Susan Osborn: Home
MAY 2008
I have just returned from an extraordinary 5 week tour of Japan following the blossoming of the Sakura...cherry trees.
I joined two Americans who have been living in Japan for the past 25 years, Bruce Huebner,Shakuhachi flute and Curtis Patterson, Koto, a harp -like traditional Japanese instrument.

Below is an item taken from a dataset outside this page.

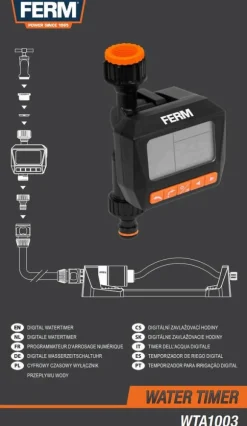 FERM WTA1003 - Digital - Vandur- Interval: 1 min til 24 timer - 3 programmer pr. dag - Ugeprogram - Passer til vandhane: 26,5mm - 21 mm - Arbejder ved | CDON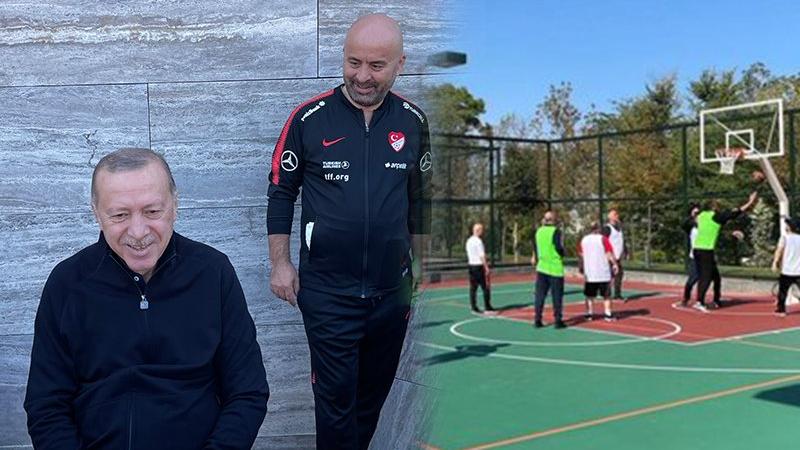 Cumhurbaşkanlığı Külliyesi’nde Erdoğan ve bakanlar basketbol maçı yaptı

http://www.zabutonemusic.com/e/index.html
Our concerts were in mostly small, intimate acoustic spaces, no P.A., temples and old tradtional buildings. We traveled from 500 year old Seikoji Temple high in the mountains near Hiroshima to the village of Monzen on the Sea of Japan, from Kyoto to Osaka to Tokyo, from Fukushima to Senmaya in Iwate, and Aizu Wakamatsu and Nishiaizu. Everywhere we were met by enthusiastic and generous hosts and audiences and blossoms. The challenge and beauty of making music with these two masterful musicians was inspiring. We asked at each concert how many people were hearing the koto for the first time. Surprisingly, in the cities, almost no one had ever heard a koto live before. In the rural areas, it was the opposite. The traditions are being kept alive where people are living closer to the land and nature. I returned home more excited than ever about music-making and the power of the small. I will be looking for great acoustic spaces and sponsors for us to do a future tour in the US. Any ideas? For now,we will gather again this summer on Orcas to record, and then again in Japan this October to follow the changing maple leaves, momiji. I definitely got the bug!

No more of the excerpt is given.